- Directed by: Lou Breslow
- Screenplay by: Lou Breslow David Chandler
- Story by: Lou Breslow
- Produced by: Leonard Goldstein
- Starring: Dick Powell Peggy Dow Joyce Holden
- Cinematography: Maury Gertsman
- Edited by: Frank Gross
- Music by: Hans J. Salter
- Color process: Black and white
- Production company: Universal International Pictures
- Distributed by: Universal Pictures
- Release date: 1951;
- Running time: 78 minutes
- Country: United States
- Language: English

= You Never Can Tell (1951 film) =

1951 film

You Never Can Tell is 1951 American comedy film directed by Lou Breslow and starring Dick Powell, Peggy Dow and Joyce Holden. The film was loosely remade as Oh! Heavenly Dog (1980), starring Chevy Chase.

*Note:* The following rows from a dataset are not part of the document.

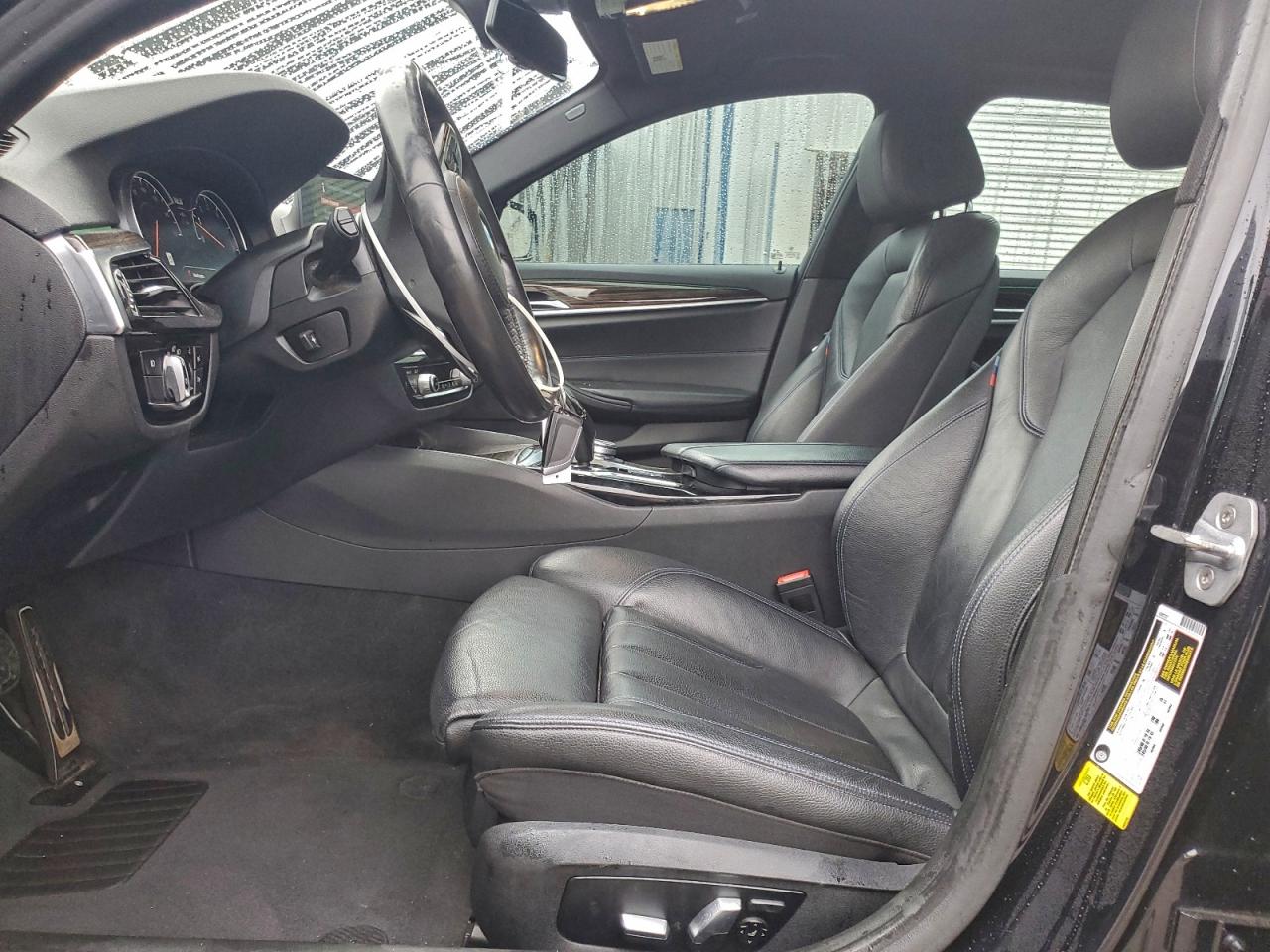 BMW 5 Series I Image 9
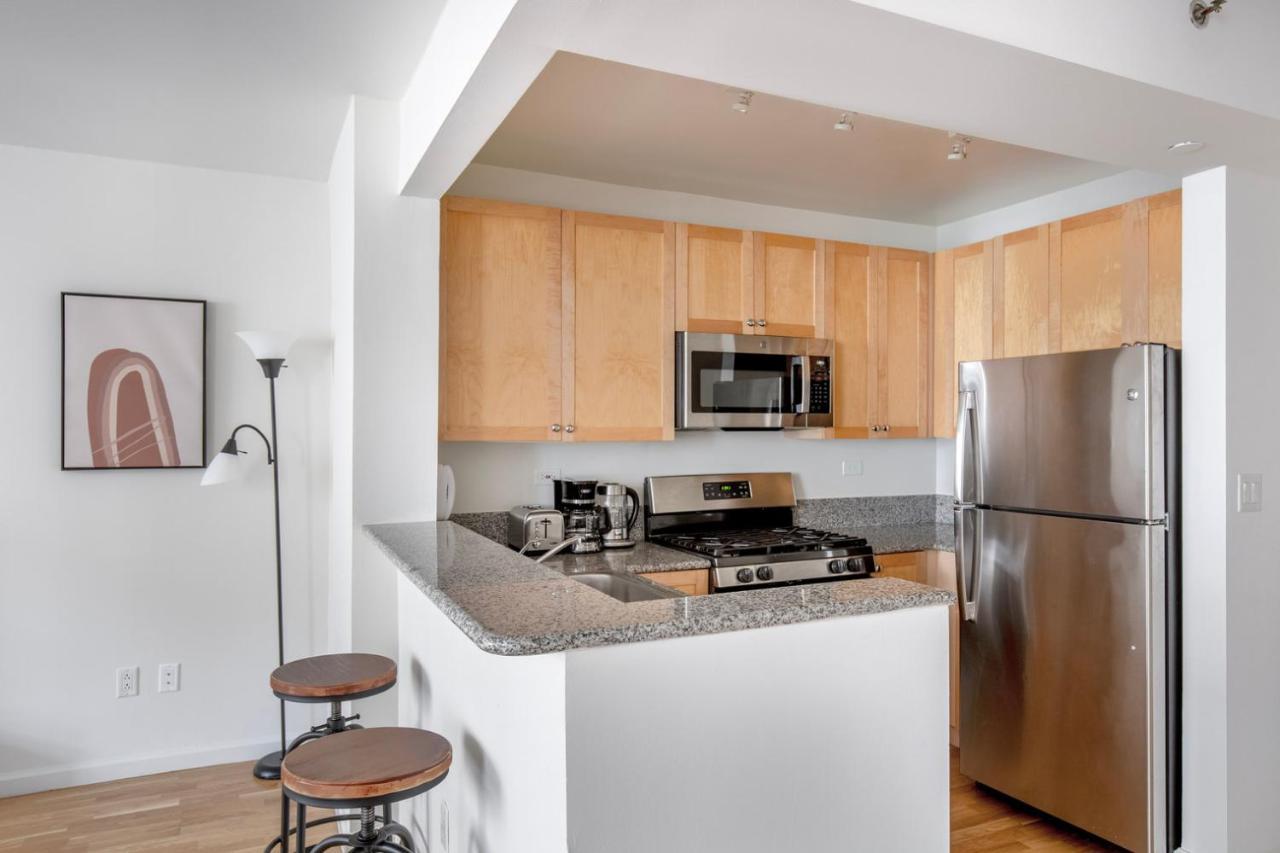 Apartment Ues W Elevator Doorman Nr Park Nyc-1038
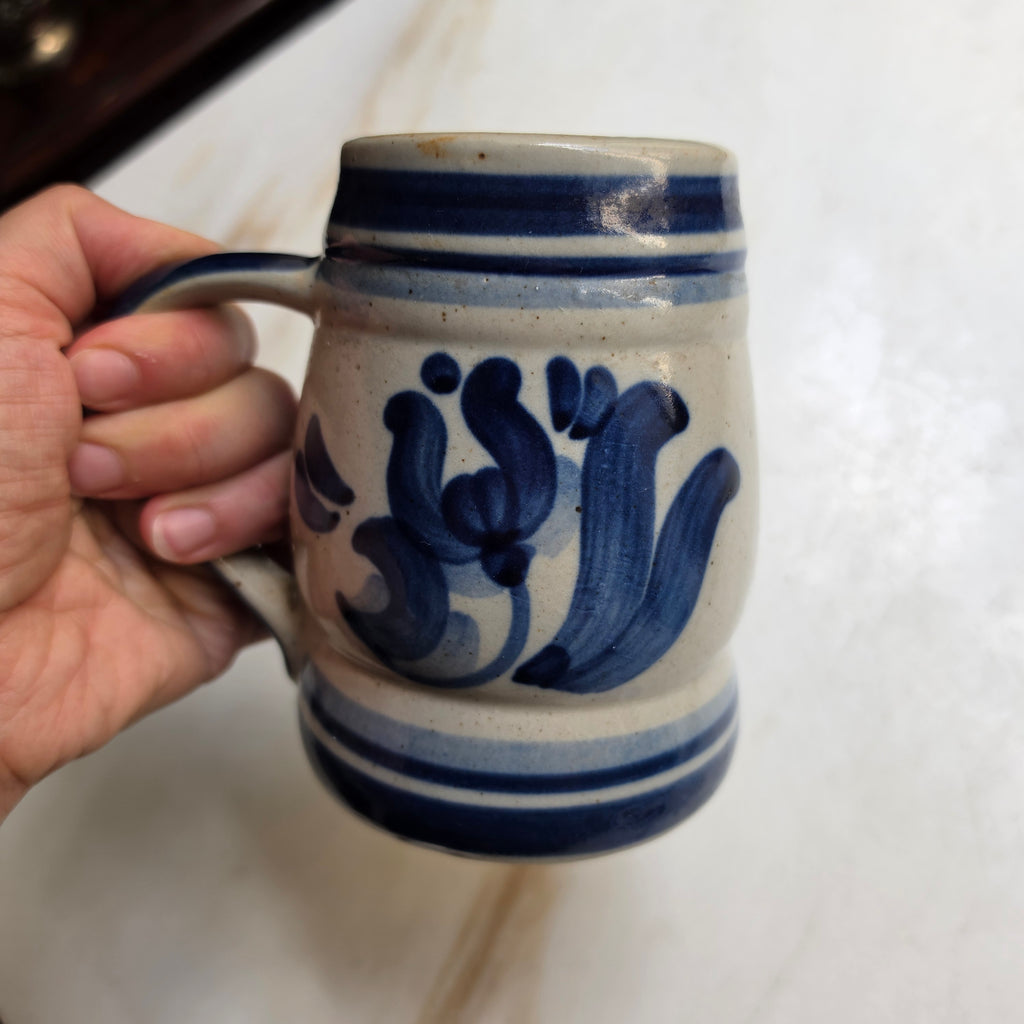 Vintage Westerwälder Steingut-Krug – Handgemaltes Salzglasur-Dekor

The film is unrelated to the George Bernard Shaw play or 1920 film of the same title.

==Plot==
A German Shepherd named King inherits a fortune from his eccentric millionaire owner. If King dies, the fortune will pass to the late millionaire's secretary Ellen. Perry Collins visits Ellen, claiming to have rescued King following a jeep accident while in the army. However, Collins wants the fortune that Ellen will inherit on King's death. When King is found poisoned, his spirit asks Lion (the leader in the heaven for animals) to return him to earth to solve his own murder, and he takes the form of private investigator Rex Shepard. Lion also sends racehorse Golden Harvest back to earth as Goldie Harvey to help Rex. Goldie and Rex must solve the case before the full moon appears or they will have to remain on earth as humans.

==Cast==
- Dick Powell as Rex Shepard
- Peggy Dow as Ellen Hathaway
- Joyce Holden as Golden Harvest / Goldie Harvey
- Charles Drake as Perry Collins
- Albert Sharpe as Grandpa Hathaway
- Lou Polan as Police Sergeant Novak
- Frank Nelson as Police Lieutenant Gilpin
- Will Vedder as Nicholas
- Frank Gerstle as Detective
- Ott George as Detective Lieutenant Louie Luisetti

==Reception==
Critic Grace Kingsley of the Los Angeles Times called the film "the maddest, merriest animal picture ever made, one alight with imagination and bright whimsy".

==Bibliography==
- Worley, Alec. Empires of the Imagination: A Critical Survey of Fantasy Cinema from Georges Melies to The Lord of the Rings. McFarland, 2005.